According to a joint statement issued by 11 environmental, humanitarian and labour organisations before its voting, Greece’s 4935/2022 “National climate law – Transition to climate neutrality and adaptation to climate change”: 

  • Reiterates targets already in force under EU law, such as those set out in Regulation 2021/1119 establishing a framework for achieving climate neutrality. 
  • Leaves open the door for rollback on the intermediate emissions reduction targets, instead of provisioning that they can only be improved in order to reflect a progression over time. (art. 8).
  • States that more specific climate targets will be "pursued" in various sectors (art. 10 par. 1, par. (C)), but a specific and binding deadline is only set in relation to lignite phase-out (31.12.2028). The silence about the necessary end to all fossil fuels - with a few special exceptions (burning fuel oil on the islands, oil burners in buildings) – raises serious concerns about the prospects of new oil and gas exploration and drilling projects in many land and marine areas.
  • Introduces measures of minimal ambition in relation to emissions reductions in buildings, and allows for significant exceptions.
  • It provides for scientifically unsubstantiated exceptions to high carbon footprint sectors, such as land and air transport projects, ports, and energy and fuel transport projects from the obligation to reduce emissions by 30% (art. 19 par. 1).  

Some of the positive elements of the Greek climate law concern are the provisions about climate impact assessment as part of the environmental licensing process. Also positive, although they could be accelerated, are the ban on the installation of oil burners (1.1.2025), and the burning of fuel oil for electricity generation in non-interconnected islands (1.1.2030). Respectively, the proposals for the calculation of the carbon footprint and emissions reduction plans can be considered positive, but they need more clarity in terms of their transparency, comparability, accuracy and ultimately their reliability. 

A huge missed opportunity is the absence of provisions on:

  • Nature: Unfortunately, nature conservation is not a priority and a component in the effort to mitigate the climate crisis.
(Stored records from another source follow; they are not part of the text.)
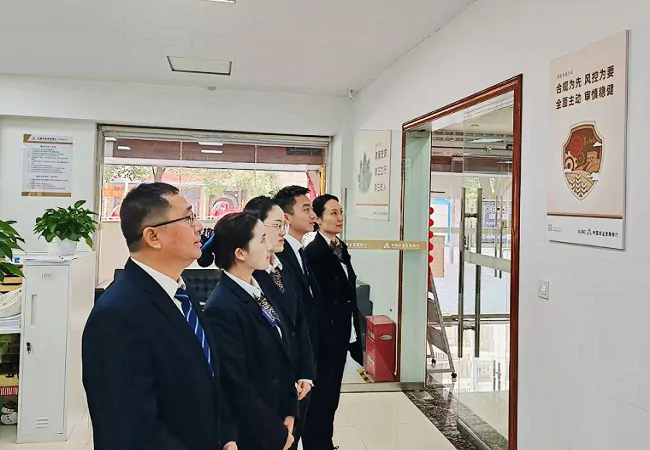 农发行丹寨县支行开展2024年&ldquo;三新&rdquo;员工合规宣誓活动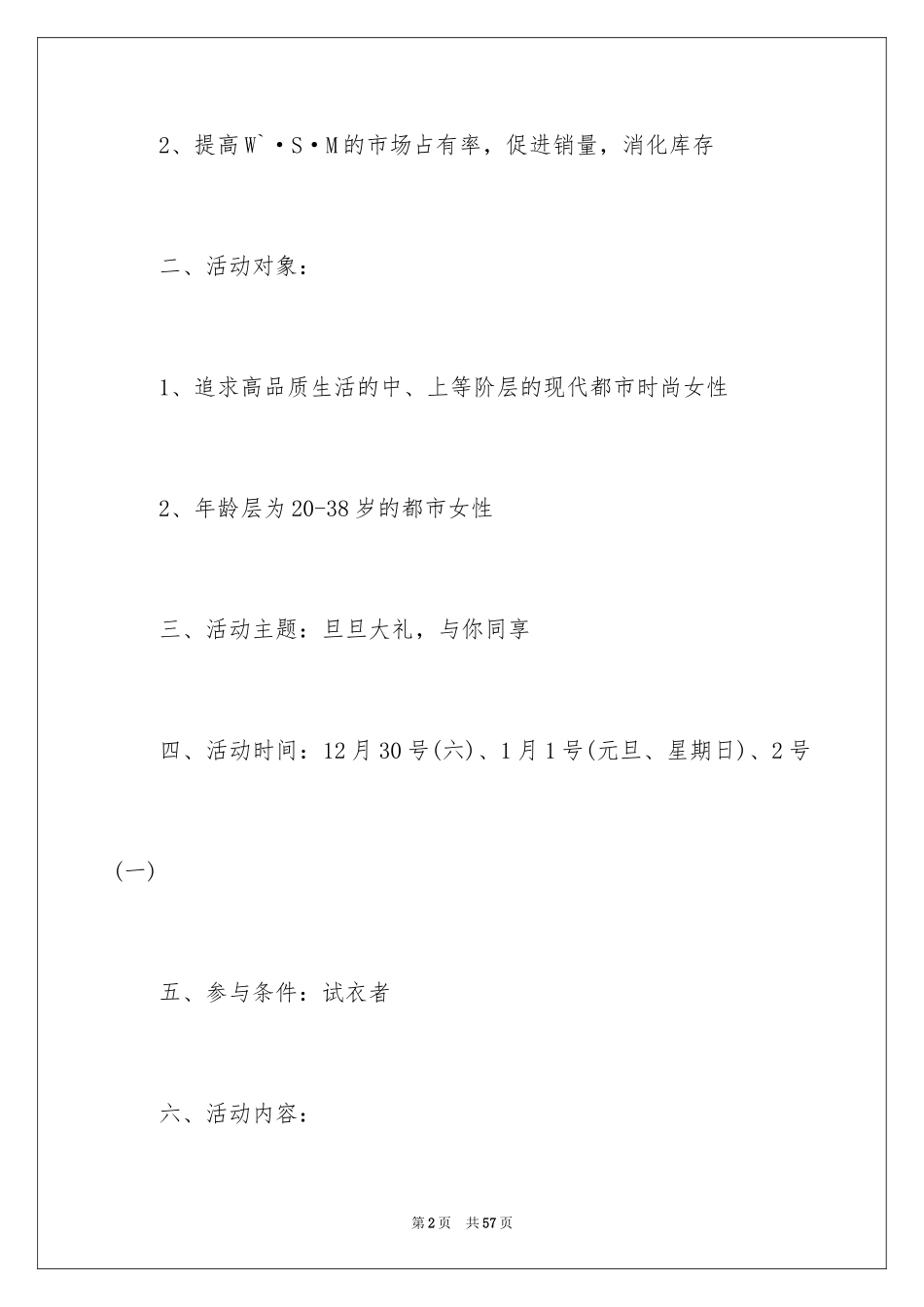 2024促销方案_78_第2页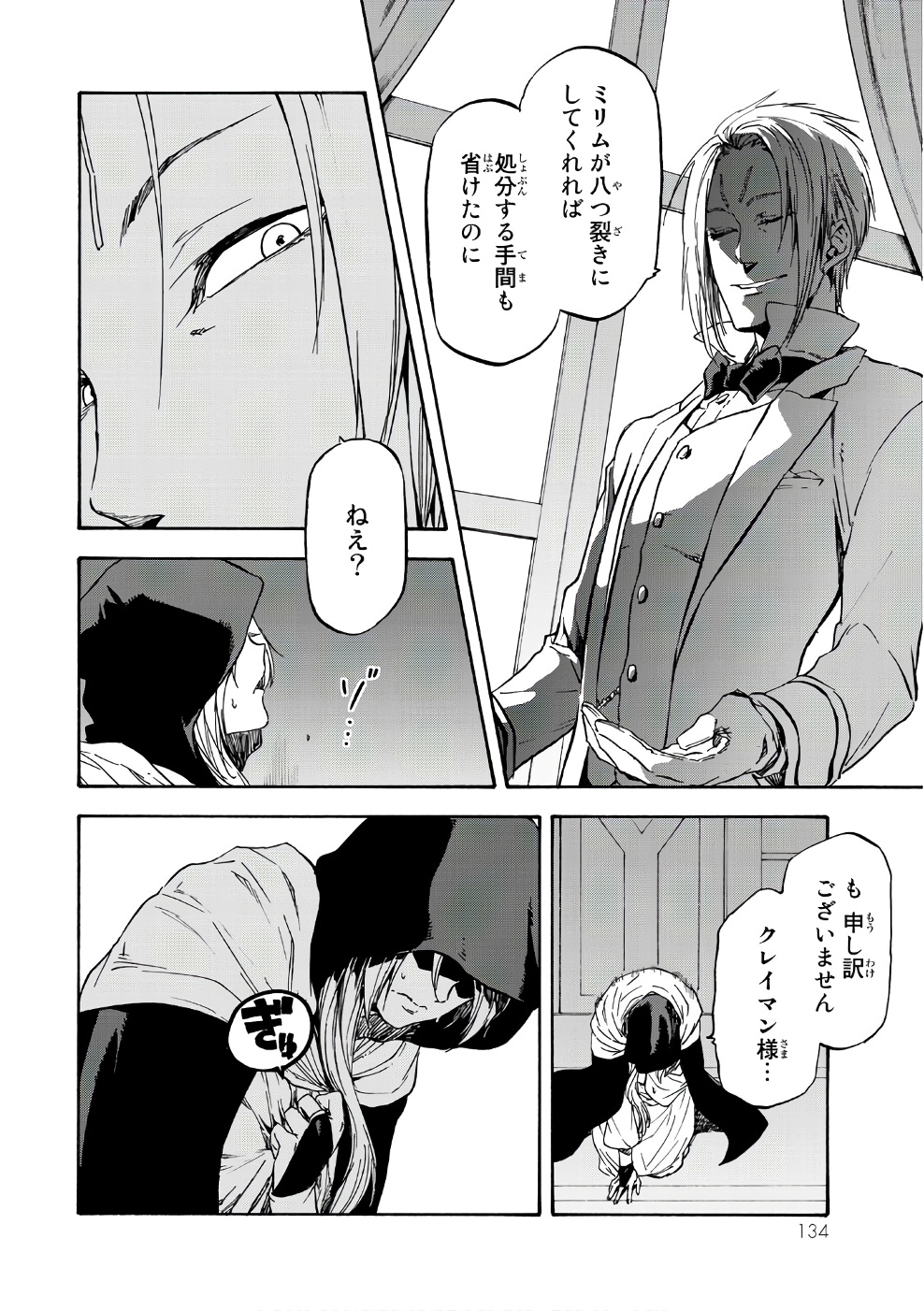 転生したらスライムだった件 Chap 35 - Next Chap 36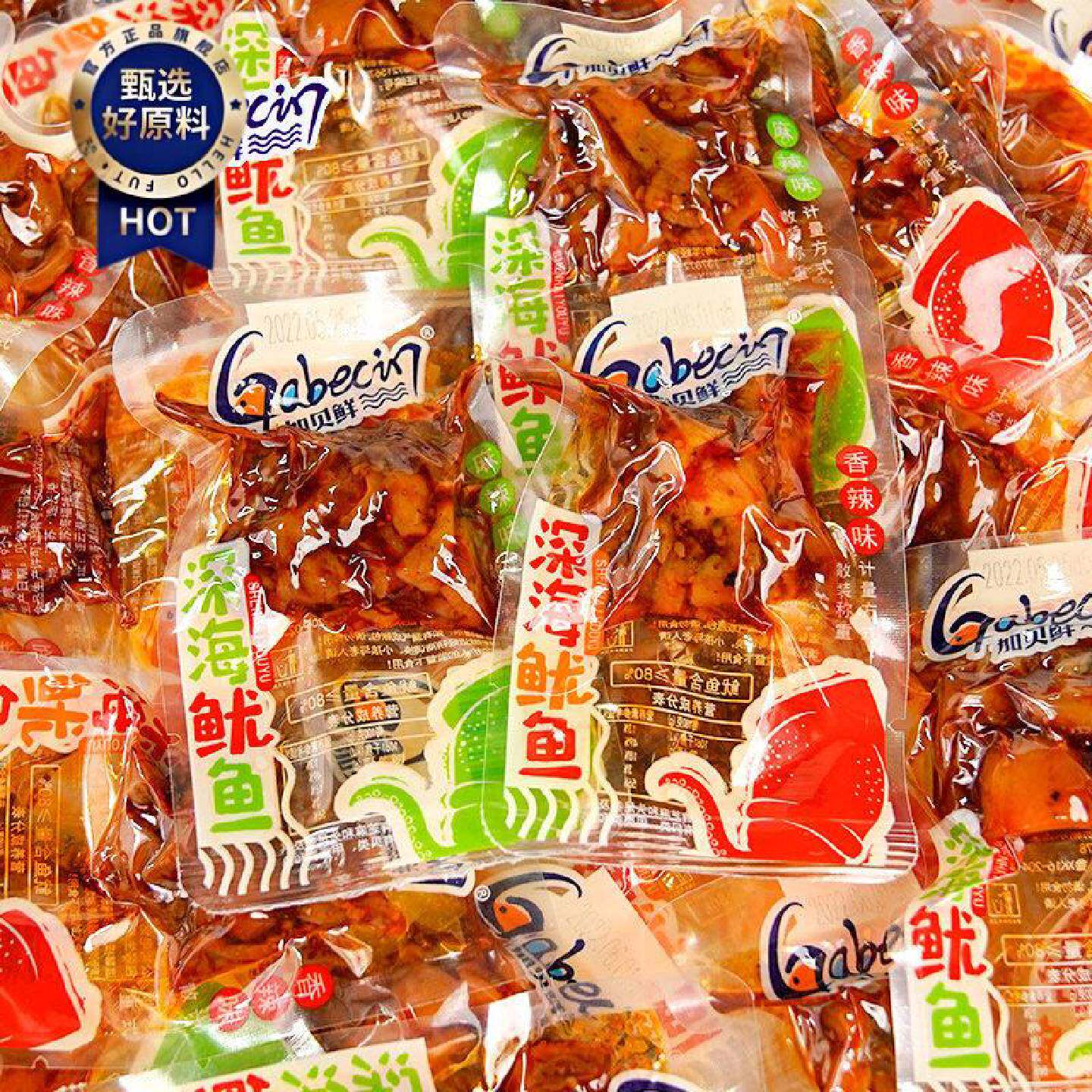 加贝鲜深海鱿鱼香辣铁板鱿鱼丝熟食海味即食零食麻辣小吃散装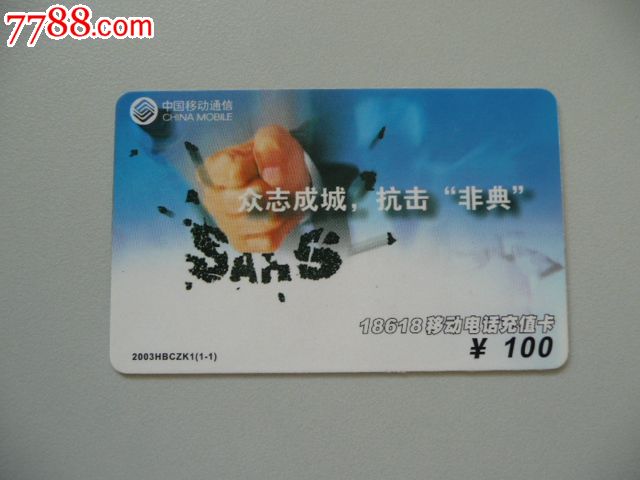 中国移动电话充值卡(抗击非典1全)河北-价格:5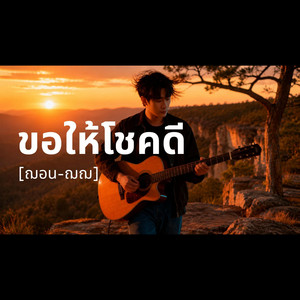 ขอให้โชคดี by ฌอน-ฌฌ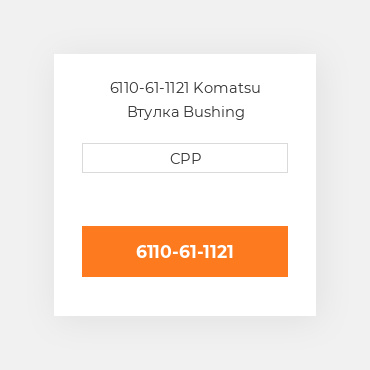 6110-61-1121 Komatsu Втулка Bushing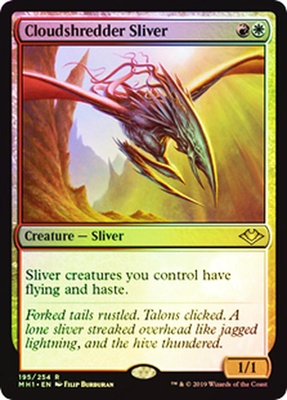 Cloudshredder Sliver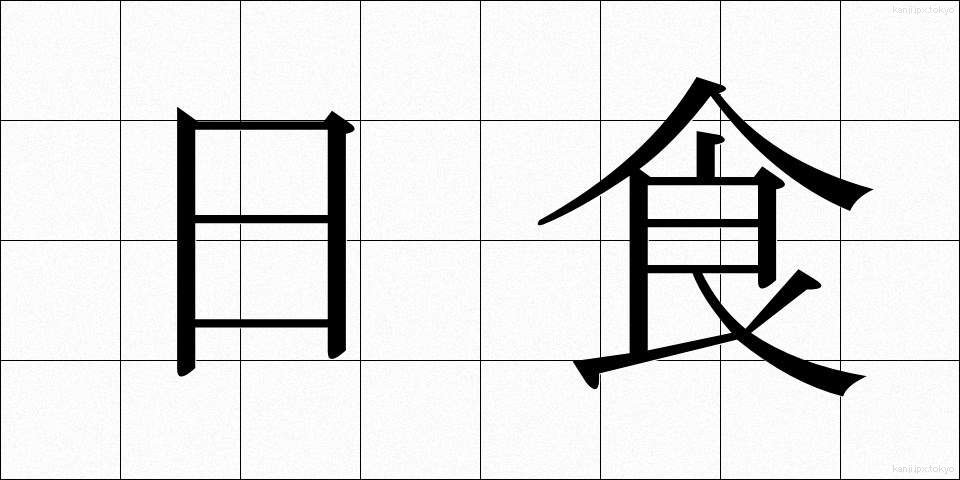 日食 (にっしょく)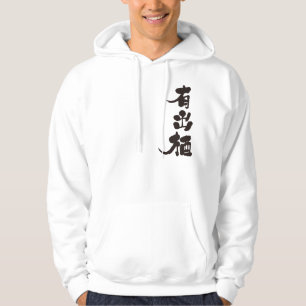 [Kanji] Hello! Adele Hoodie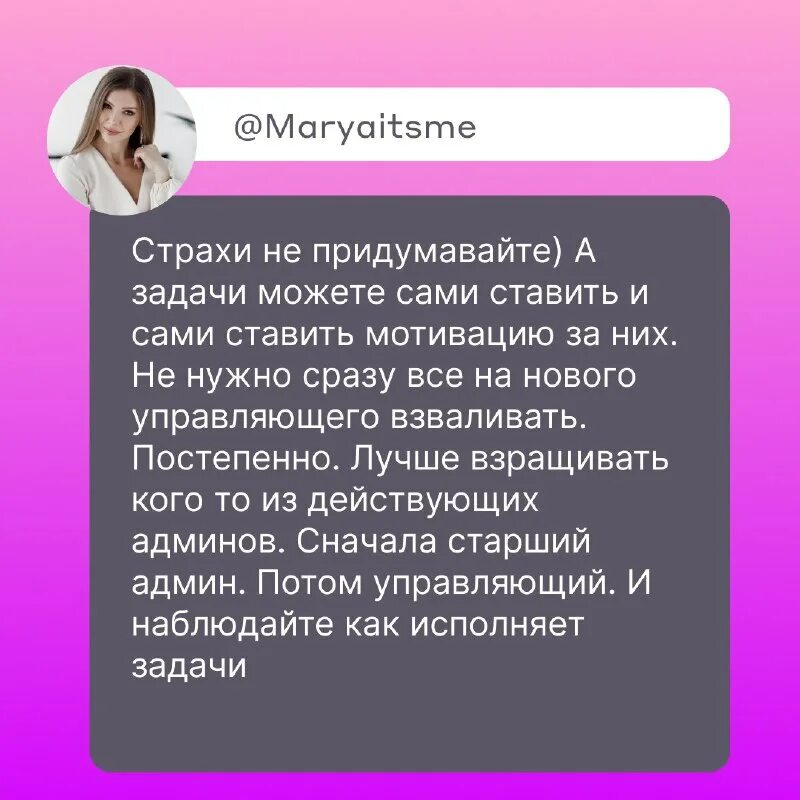 Бьюти бот логотип. Чат бот для бьюти. Чат бот бьюти индустрии. Чат бот для бьюти. Бьютибот.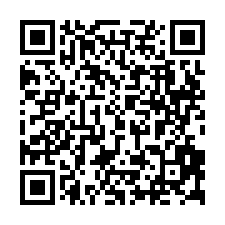 永康砲校旁亞太2.3分投資都內農地-QR CODE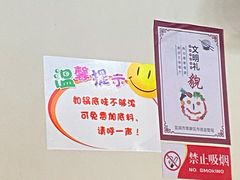 -小楠门·重庆老火锅(合江门店)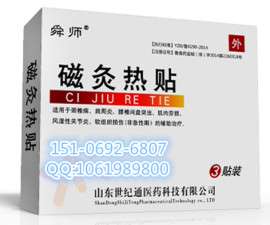 舜师磁灸热贴定制加工生产厂家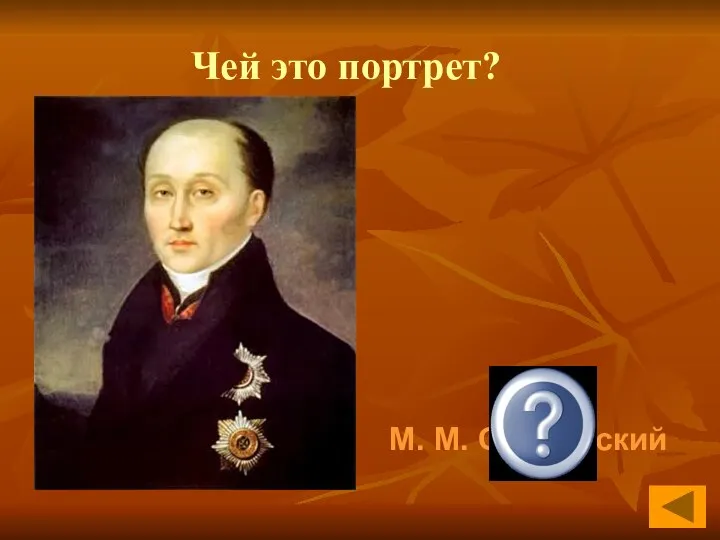 М. М. Сперанский Чей это портрет?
Mention to nature base solutions is limited to vague directions or as a tool for adaptation. 
  • Climate democracy: Consultation and participation are not part of the climate law. There is no mention of the need for broad public engagement in critical parts of the decision making process, for example on the sectoral budgets. Participation in the context of the digital Climate Forum is limited to certain bodies (art. 27), while the composition of the National Council for Climate Change (art. 29) is limited and unrepresentative.
  • Scientific independence: The role of the scientific community in the climate governance system is extremely weak. The bill should provide for an independent climate authority, which will not report to the political leadership of the ministry but to the Parliament.  
  • Just transition to climate neutrality: The law does not contain anything substantial about the just transition of sectors and regions that will inevitably be affected by mitigation and adaptation strategies to climate neutrality. There is also no mention on the crucial chapter of just labor transition, which will provide a protective shield to the workers affected by the phasing out of fossil fuels.
  • Energy democracy: No target for strengthening energy democracy and the role of citizens in producing clean energy for self-consumption. The targets of the European Commission’s REPowerEU plan to create at least one renewable energy community in every municipality with a population of over 10,000 by 2025 should be incorporated into the draft law which should be much more ambitious in terms of citizen participation in clean energy self-production. Accordingly, the necessary measures should be adopted to ensure the access of energy-poor and vulnerable consumers to solar energy while strengthening the role of solar strategy, which is virtually absent in this draft law.
  • Solar strategy: The government must amend article 17, incorporating the REPowerEU targets and extending the measure for the mandatory installation of photovoltaics to:
  • new public and commercial buildings (covering more than 250 sq.m.) until 2026
  • existing public and commercial buildings (covering more than 250 sq.m.) until 2027
  • all new residential buildings by 2029.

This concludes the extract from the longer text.